I thought of the black-and-white head shots, the paper burning and curling in layers of ash.

“She’s an orphan, just like me,” Joshua said. “She’s all alone in the world. You’ll laugh at this, but maybe, I mean, who knows, maybe we’ll even fall in love and it’ll become a real marriage.”

“Don’t do this,” I said. “Don’t fuck with her. She’s a teenager. She’s practically a child. You know you don’t want a real marriage. You want a maid, a concubine. That’s the only reason you’re considering this.”

“No, you’re wrong,” Joshua said. “You know I consider us a family — you, me, Jessica. I would love it if we could live here together forever. Love it. But I know someday you guys will meet someone, maybe even get together with each other finally, and you’ll want to move out and have a place of your own. You’ll be tired of having old Joshua around all the time. Then where will I be? I mean, I know I’m no prize. I know I’m a pain in the ass. I’m demanding and strident, I’m lazy and messy and difficult. Who would have me? No woman in her right mind, that’s for sure. I don’t want to get married, not for real. I don’t want to have kids. All I want to do is write.”

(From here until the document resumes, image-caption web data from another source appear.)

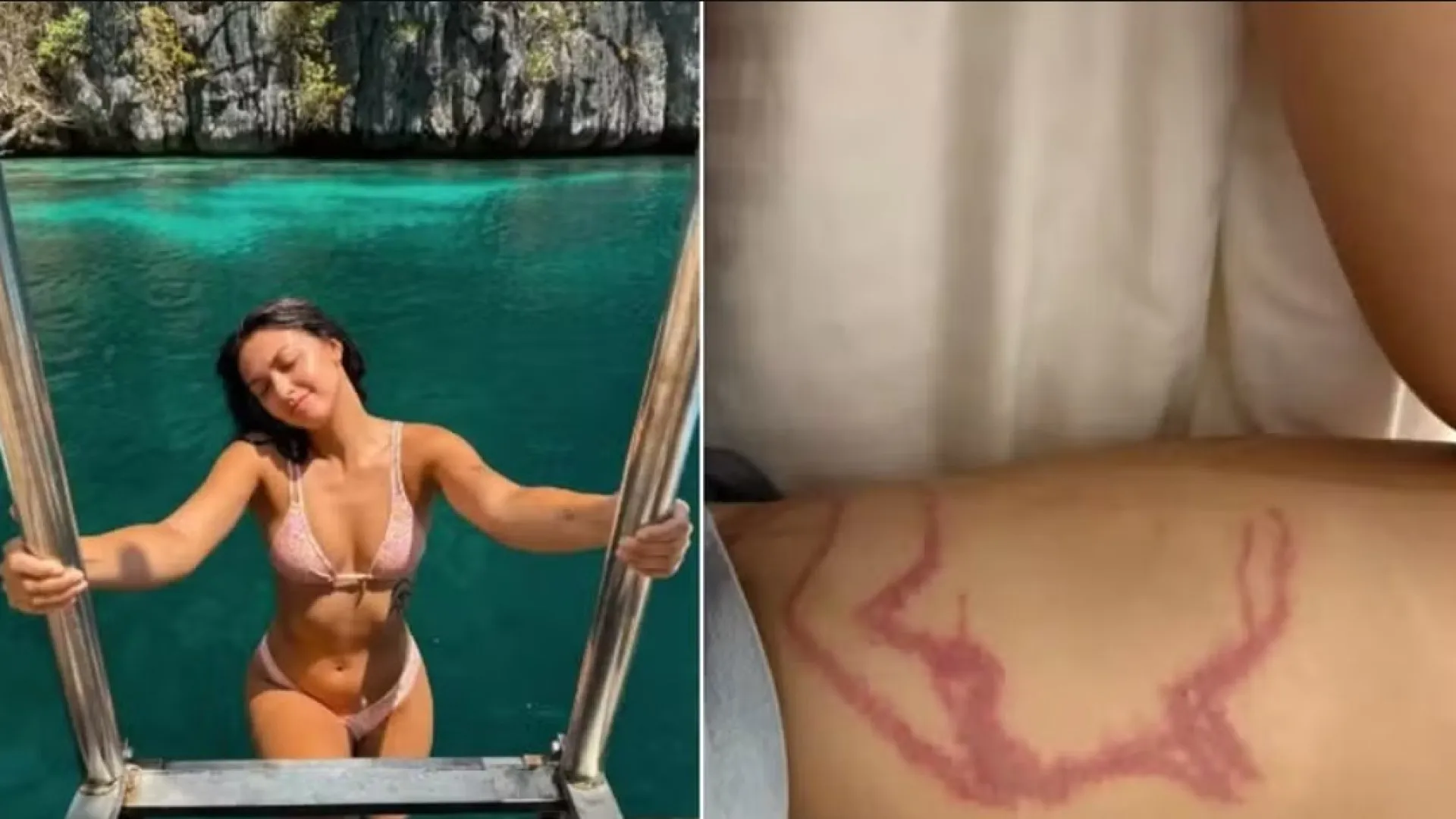 Influencer é picada por espécie de água-viva "mais venenosas" do mundo - img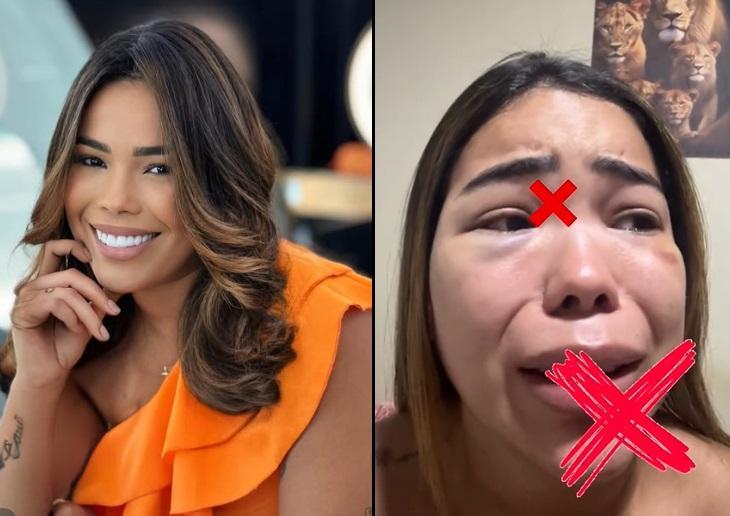Paulla Rafaela denunciou agressão do namorado nas redes sociais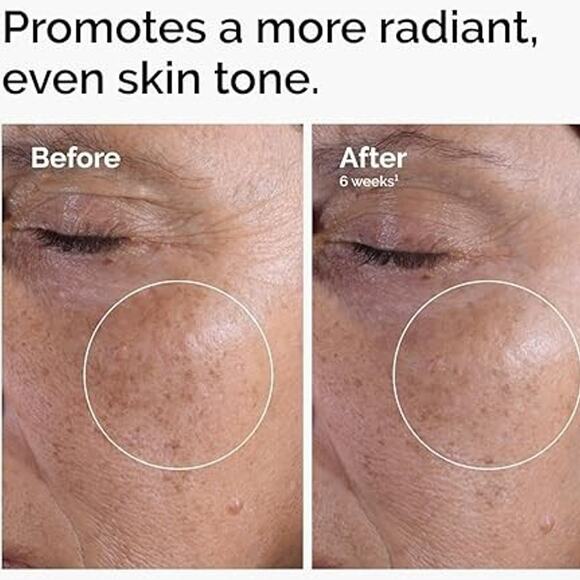 Glycolic Acid 7% Toning Resurfacing Exfoliating Solution BIG SIZE 8oz SEALED - Picture 6 of 7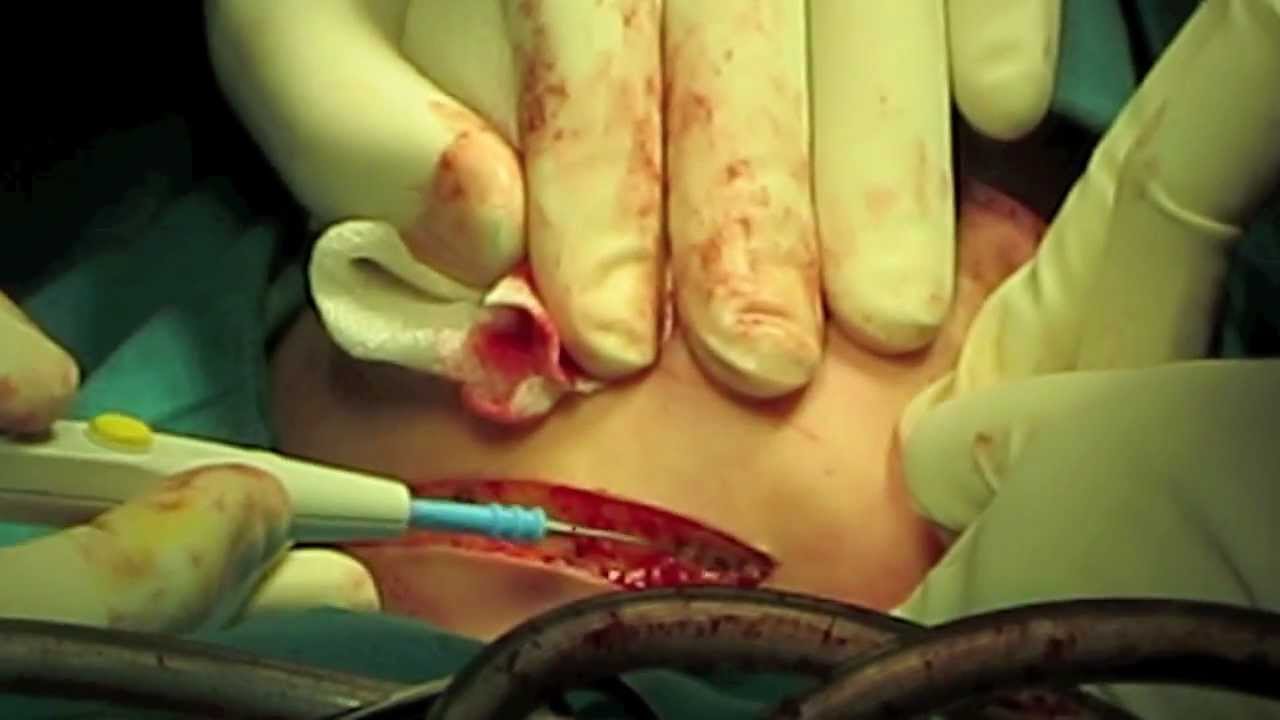 Partial Mandibulectomy & Reconstruction with Iliac Crest Bone Graft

“You might change your mind someday,” I said. “You might fall in love and want a family. There’s always the possibility of that happening.”

“No.”

“I saw you dancing with that little girl at Leon and Cindy’s wedding. You were enrapt.”

“I never told you. I had a vasectomy.”

“You did?”

“Years ago,” Joshua said.

“There’s always adoption,” I said, and saw him flinch in distaste. “Or you might meet a woman with kids.”

“I’m not going to change,” Joshua said. “People don’t change. If there’s one thing I’ve learned by now, it’s that. I’ll never fall in love, because I could never trust that I wouldn’t be abandoned. The only problem, the only noisome little contradictory wrinkle, is I don’t want to be alone. The truth is, the idea of dying alone terrifies me. Remember those journal excerpts by your hero, Cheever, about ending up cold, alone, dishonored, and forgotten? An old man approaching death without a companion? As much as I try to thwart it, I know that’s my fate. That’s why I’d never arrange for a memorial service. I’d be afraid no one would show up.”

“You won’t die alone, Joshua. I’ll always be around. So will Jessica.”

“You say that now, but you can’t guarantee it. You guys have been the only true friends I’ve ever had, but sometimes I’ve felt I had to buy your friendship.”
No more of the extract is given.